+++ Information +++

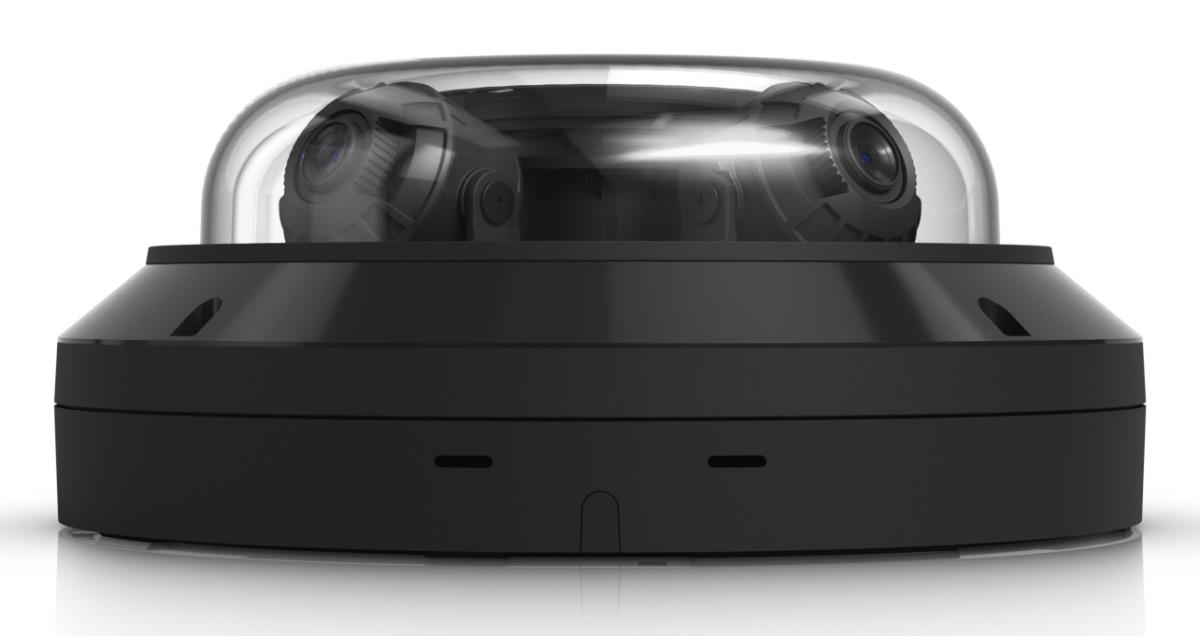 UniFi AI Multi Sensor 4 (Black) - UVC-AI-MS-4-B thumbnail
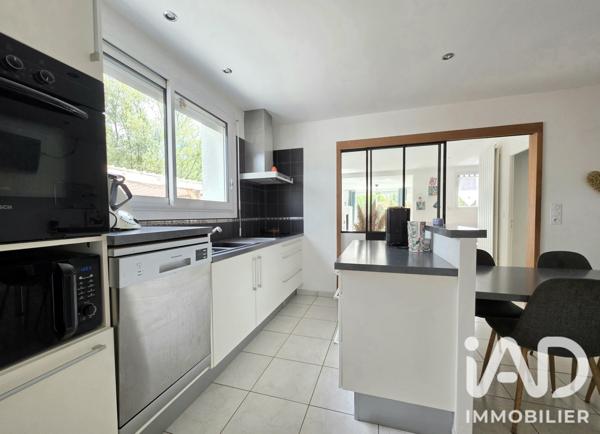 Maison à vendre 4 pièces 173 m² Le Perrier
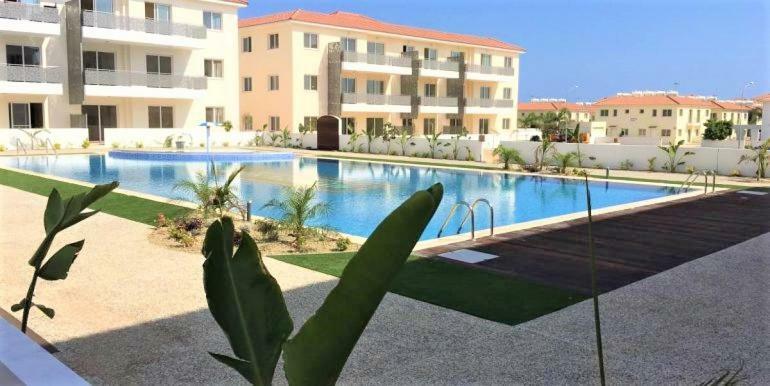 פרוטאראס Kapparis Apartment Mythical Sands מראה חיצוני תמונה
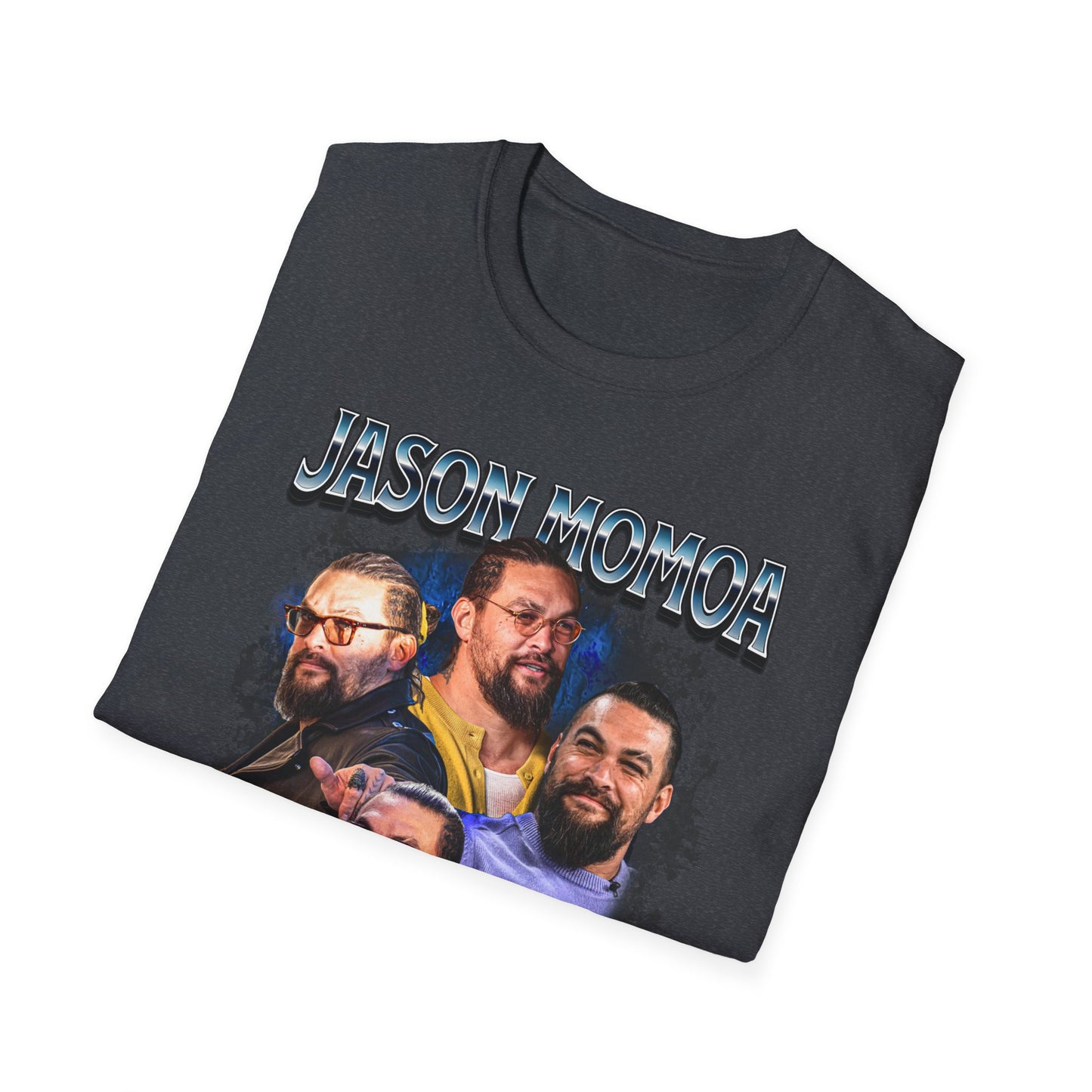 Jason Momoa Art T-Shirt - Fan T-Shirt Premium Collection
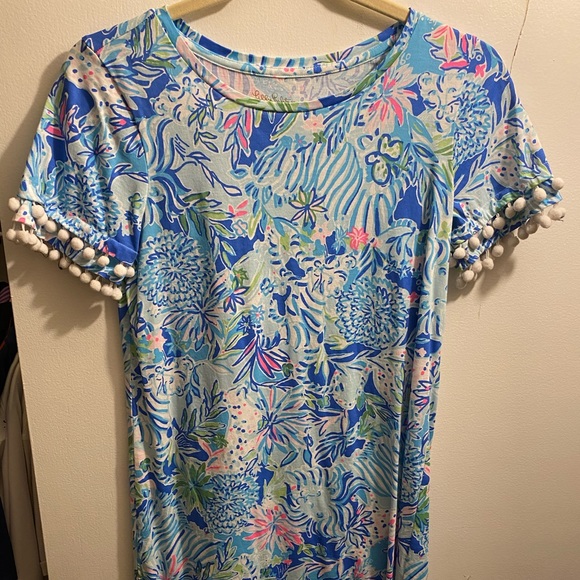 Lilly Pulitzer Dresses & Skirts - ❤️final price❤️ Lilly Pulitzer dress 💙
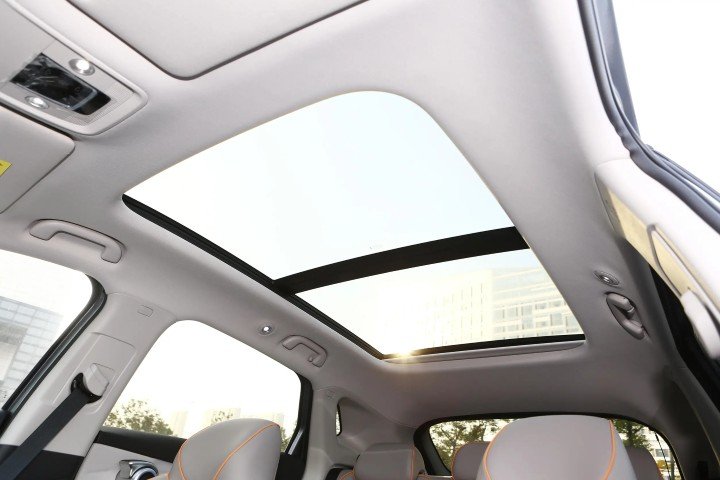 2026 BYD Yuan Electric Vehicle 204 horsepower - Beyond Autos - www.beyondautos.com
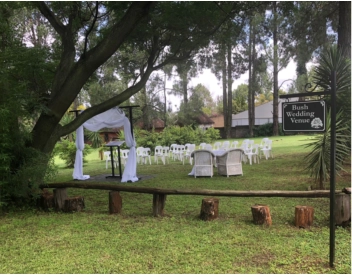 Wedding venues Midrand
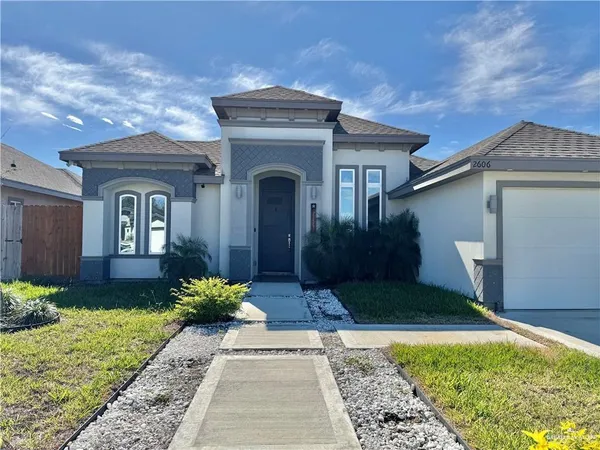 $1,900 | 2606 Garman Street, Edinburg, TX 78541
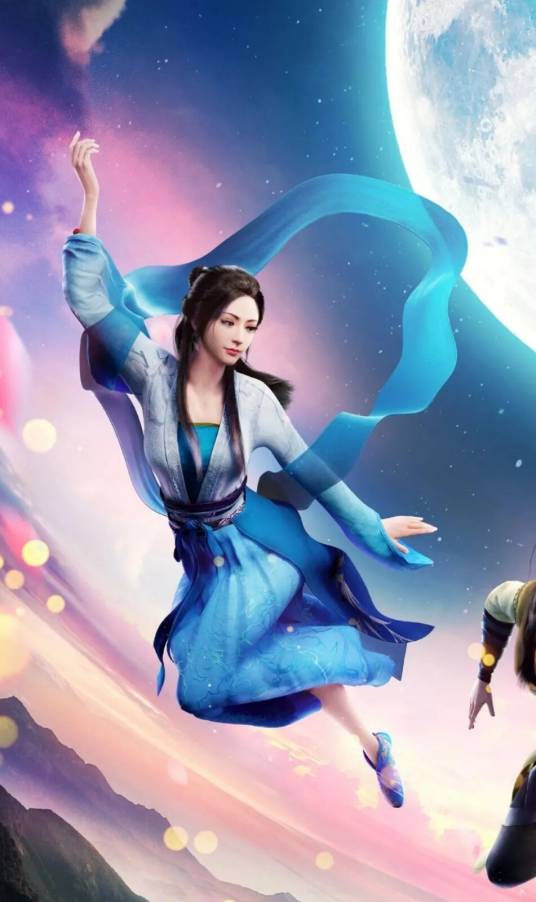 南宫婉(《凡人修仙传》《凡人修仙之仙界篇》中韩立的伴侣)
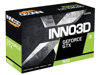 Poza cu Inno3D GeForce GTX 1650 Twin X2 OC V3 NVIDIA 4 GB GDDR6 (N16502-04D6X-171330N)
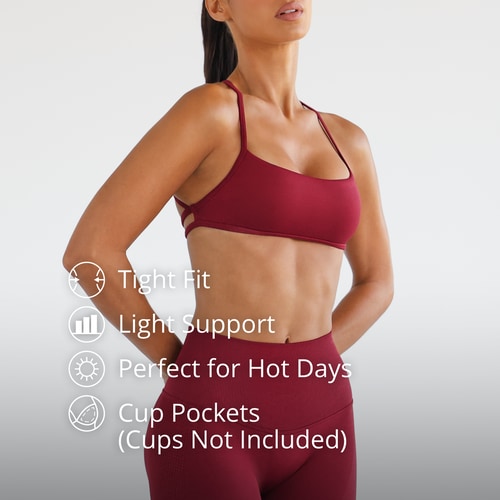 MuseFit Crossback sport-bh (3)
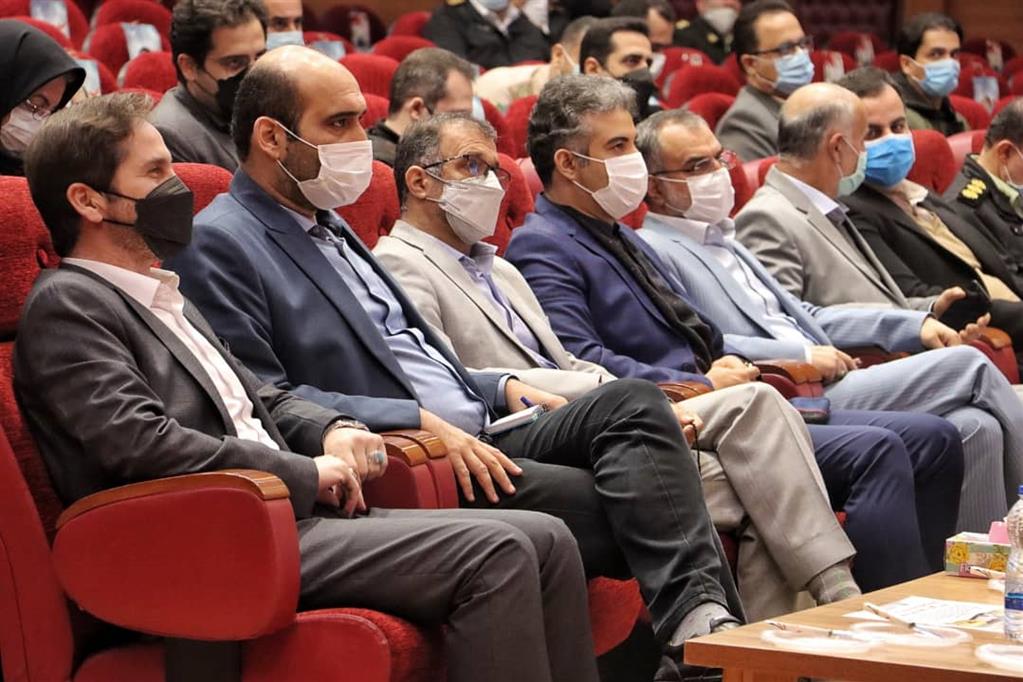 نخستین همایش ملی حمل و نقل و ترافیک در رشت برگزار شد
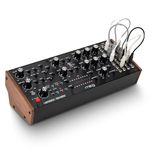 MOOG Labyrinth - Semi-Modular Parallel Generative Analog Synthesizer with Dual Sequencer, Dual Oscillators, VC Wavefolder, VC Filter, Patch Bay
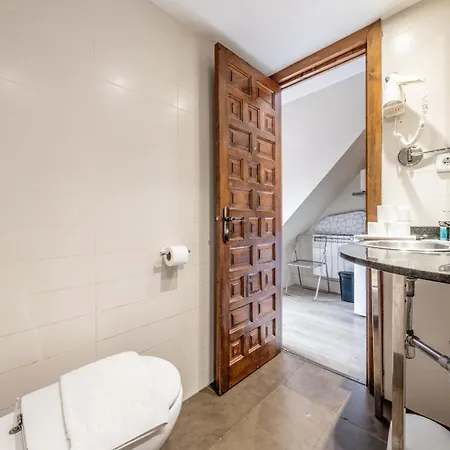 Ainb Picasso-corders Апартаменты *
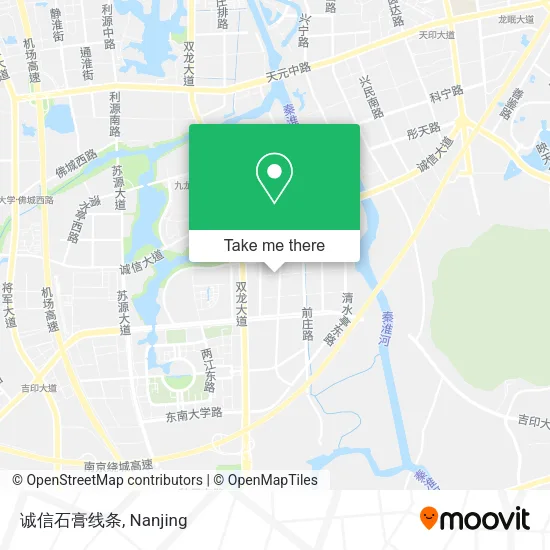 诚信石膏线条 map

+++

◆ Task statement: Return the entries above exactly as they appear. Pictures should not be copied.

◆ Exercise output:
 UniFi AI Multi Sensor 4 (Black) - UVC-AI-MS-4-B thumbnail
 Maison à vendre 4 pièces 173 m² Le Perrier
 פרוטאראס Kapparis Apartment Mythical Sands מראה חיצוני תמונה
 Jason Momoa Art T-Shirt - Fan T-Shirt Premium Collection
 Lilly Pulitzer Dresses & Skirts - ❤️final price❤️ Lilly Pulitzer dress 💙
 2026 BYD Yuan Electric Vehicle 204 horsepower - Beyond Autos - www.beyondautos.com
 Wedding venues Midrand
 $1,900 | 2606 Garman Street, Edinburg, TX 78541
 南宫婉(《凡人修仙传》《凡人修仙之仙界篇》中韩立的伴侣)
 Poza cu Inno3D GeForce GTX 1650 Twin X2 OC V3 NVIDIA 4 GB GDDR6 (N16502-04D6X-171330N)
 MuseFit Crossback sport-bh (3)
 نخستین همایش ملی حمل و نقل و ترافیک در رشت برگزار شد
 MOOG Labyrinth - Semi-Modular Parallel Generative Analog Synthesizer with Dual Sequencer, Dual Oscillators, VC Wavefolder, VC Filter, Patch Bay
 Ainb Picasso-corders Апартаменты *
 诚信石膏线条 map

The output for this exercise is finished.